Dyson seemed to have ignored the whole exchange between Paul and Higgins. “I want to listen to the recorded messages again. I heard the ones from last night, but the one you brought in this morning is new.”
“Fine.” Keren rose from her seat. “Listen to the tapes while we get to work.”
“Sit down, Detective.” Higgins wasn’t making a suggestion.
Keren didn’t answer to the FBI. Despite the strong first impression of Higgins’s competence, she longed to shove his orders down his throat. But she did want to hear this morning’s tape, so she sat.
The first two tapes had nothing new. Paul said, “You hear where he talks about what I did to him? We think—”
Dyson waved his hand abruptly at Paul as if he were an annoying bug. Paul fell silent and stood by the door with his jaw clenched so tight Keren thought he might break some teeth.
The last tape, when Paul called Pravus back in the basement of the crack house, held all their attention. Paul sounded steady and strong as he tried to reason with Pravus.
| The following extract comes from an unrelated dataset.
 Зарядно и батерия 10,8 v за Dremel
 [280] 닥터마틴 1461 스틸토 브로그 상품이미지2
Keren thought of how he fell apart afterward.
He was a courageous man with the power of God in his voice. She suddenly decided she’d find time to sit in on one of Paul’s sermons, even if she had to steal a shopping cart and live on the street for a few days to qualify for admittance. She knew he’d be riveting when he spoke of his faith. God was using him powerfully, or he could never have led two girls as lost as LaToya and Juanita to the Lord.
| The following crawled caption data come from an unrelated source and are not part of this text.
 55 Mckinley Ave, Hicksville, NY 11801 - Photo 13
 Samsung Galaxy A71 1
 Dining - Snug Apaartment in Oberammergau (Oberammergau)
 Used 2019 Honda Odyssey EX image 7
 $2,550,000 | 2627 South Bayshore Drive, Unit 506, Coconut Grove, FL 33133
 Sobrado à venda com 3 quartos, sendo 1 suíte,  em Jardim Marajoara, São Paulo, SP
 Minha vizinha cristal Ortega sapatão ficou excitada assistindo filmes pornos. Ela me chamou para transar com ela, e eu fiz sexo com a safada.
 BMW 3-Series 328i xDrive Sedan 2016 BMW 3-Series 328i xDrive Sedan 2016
Pravus’s voice pulled her attention back to the tape. “I saw them, the dancer and her mother. But you never knew.”
Keren had forgotten he’d made that statement.
&
nbsp; “What does that mean, the dancer and her mother?” Keren hit the PAUSE button. “Can you remember a case involving a dancer, either as the victim or the perp?”
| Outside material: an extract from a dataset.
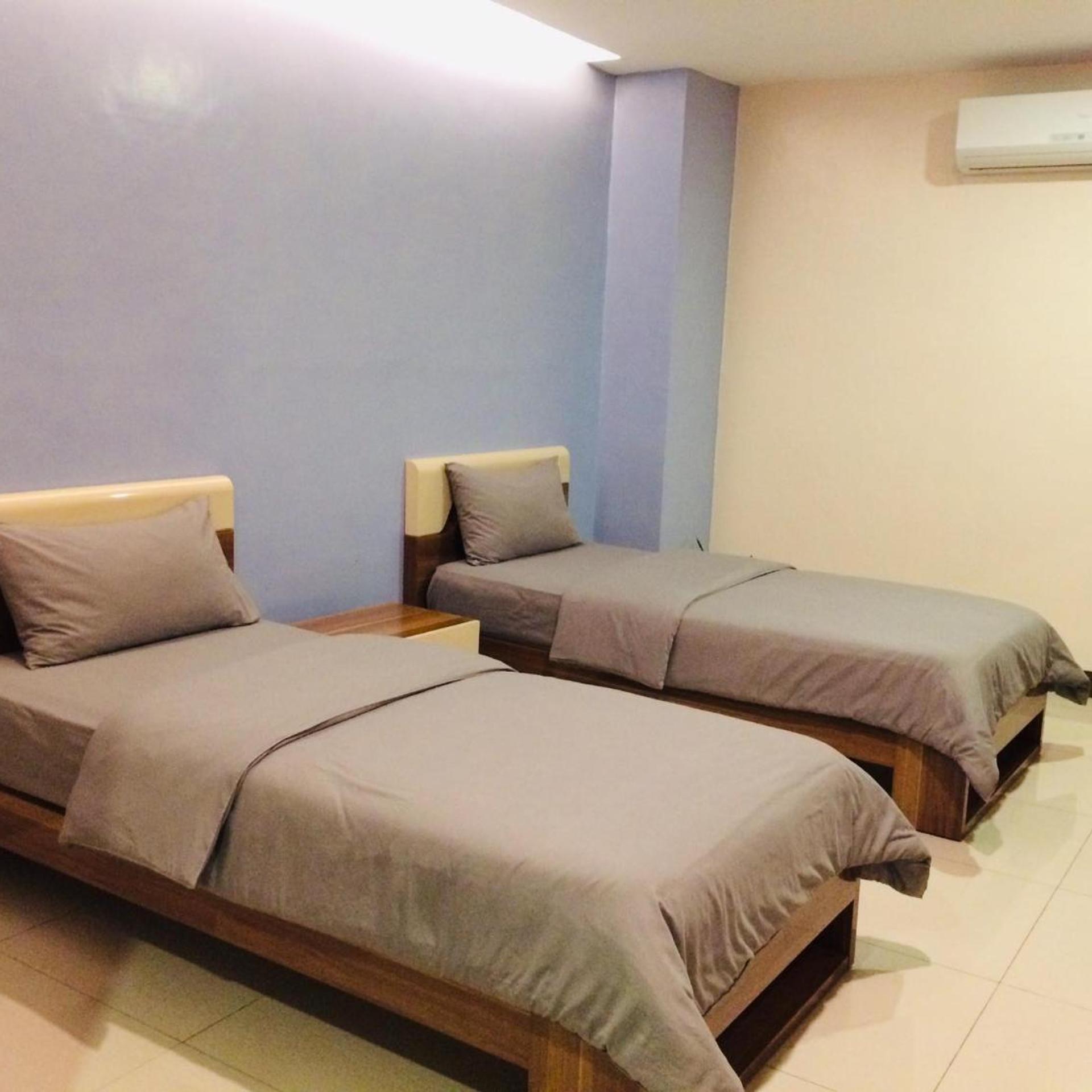 STANDARD, TWIN BEDS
Paul shook his head. “It doesn’t ring a bell.”
“That would be the two people,” O’Shea said. “A dancer and her mother. Were there any mother and child murders in those files?”
Dyson said, “You’re assuming the dancer is a child. Why is that?”
“Good point.” Keren nodded. “We could be reaching. The dancer could be a boy or a man, or an adult woman. Adults have mothers.”
“I don’t remember a mother and daughter murder,” Paul said, “but there were a couple of child murders. Let’s look more closely at them.”
“He might mean something else,” Higgins cautioned. “Narrow your search for now, but don’t get married to this theory.”
“We won’t,” Keren said. “It’s just a starting place.”
Keren glanced at Higgins. “Are you done with us?”
“For now.” Higgins waved at the door.
They left the office, but Keren could still feel Dyson’s probing eyes hunting around in her brain.
O’Shea stood and went to the coffeepot. “It’s been nearly twelve hours since his last contact. Why don’t you try the phone again, Paul?”
“I’ve tried every hour on the hour and a dozen more times when I couldn’t control myself.” Paul was dialing before O’Shea quit talking. “He’s got it shut off. He’ll leave it shut off until he has something to say to me.”
“Don’t drink that coffee, O’Shea. You’ve got to go home and get some sleep.” Keren pressed the heels of her hands to her burning eyes. “I’m losing my ability to read the English language, let alone Latin. I haven’t slept since about three yesterday morning. We’ve got our people and the FBI going twenty-four hours a day.”
“And chances are,” Paul said in a bleak voice, “we’re going to wake up tomorrow with the discovery of LaToya’s body.”
“It was two days before we found Juanita, Paul. We might get tomorrow still. And our synapses are going to french fry the rest of our brains if we don’t sleep.”